La bousculade géante lors de l'événement ultra-orthodoxe de Lag B'Omer a fait au moins 45 morts - dont des enfants - et 150 blessés ; des participants témoignent

Les secouristes et la police israélienne après un incident qui a tué et blessé des dizaines de personnes, lors des célébrations de la fête juive de Lag B'Omer, au mont Meron, dans le nord d'Israël, le 30 avril 2021. (Crédit : David Cohen / Flash90)
Les secouristes et la police israélienne après un incident qui a tué et blessé des dizaines de personnes, lors des célébrations de la fête juive de Lag B'Omer, au mont Meron, dans le nord d'Israël, le 30 avril 2021. (Crédit : David Cohen / Flash90)

Pour des dizaines de milliers de Juifs ultra-orthodoxes qui s’étaient rassemblés sur le mont Meron, jeudi, l’événement aurait dû être joyeux. Ce rassemblement majeur était le premier d’une telle ampleur à être organisé depuis le début de la pandémie, et la soirée devait commémorer la fin d’une autre épidémie, il y a environ 2 000 ans.

Elle s’est pourtant achevée par l’une des plus importantes tragédies connues par Israël en temps de paix – avec la mort d’au moins 45 personnes, et notamment des jeunes enfants, et des dizaines de blessés lors d’une bousculade terrible.

Témoins et survivants ont décrit, dans la foulée de la catastrophe, la panique et la peur entraînées par la violence du mouvement de foule, les victimes de la bousculade cherchant désespérément de l’air, bloqués auprès des défunts et attendant les secours pendant de longues minutes.

Plus de 100 000 personnes avaient initialement pris part, jeudi soir, au rassemblement annuel organisé dans le nord de la Galilée, qui comprend notamment une visite au tombeau du rabbin Shimon Bar Yohai, et des feux de joie allumés sur le versant de la montagne.

Des milliers de Juifs ultra-orthodoxes célèbrent Lag B’Omer lors d’un rassemblement sur le mont Meron, dans le nord d’Israël, le 29 avril 2021. (Crédit : David Cohen / Flash90)
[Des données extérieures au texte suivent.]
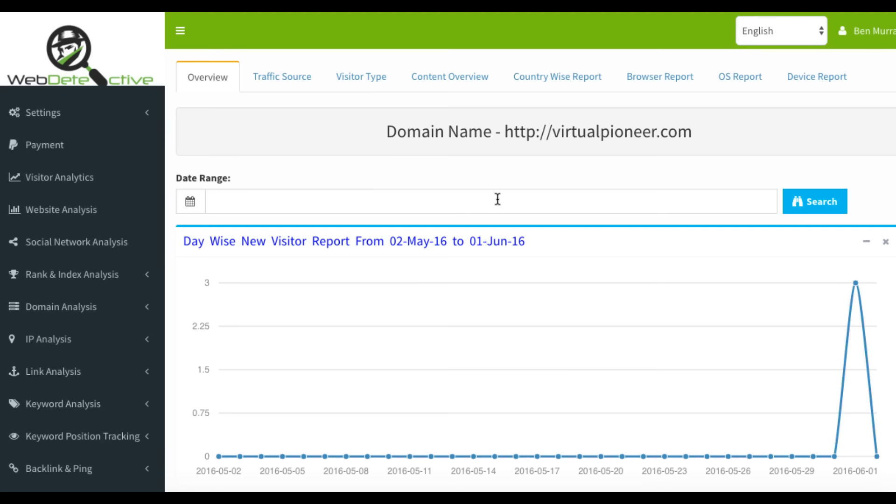Hey, it's Ben here, and I'll be talking about the pros and cons of a new software launching called Web Detective.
Le mouvement hassidique Toldot Aharon a allumé un feu de joie sur le site du pèlerinage, à proximité du tombeau de Bar Yohai. Lorsque que la foule hyper-dense a commencé à quitter les lieux, certains ont apparemment glissé sur une passerelle et dévalé plusieurs marches, tombant sur ceux qui se trouvaient en dessous et entraînant une bousculade meurtrière. Des hommes sont morts écrasés.

Les témoins et les survivants ont évoqué l’horreur.

Un blessé, interrogé par Kan à l’hôpital, a décrit les minutes déchirantes de la bousculade.

« Il y avait beaucoup de monde au-dessus de moi. Et nous avons glissés les uns sur les autres, avec de plus en plus de gens, jusqu’à ce que la police décide de simplement abaisser les clôtures et ne commence à secourir les gens. »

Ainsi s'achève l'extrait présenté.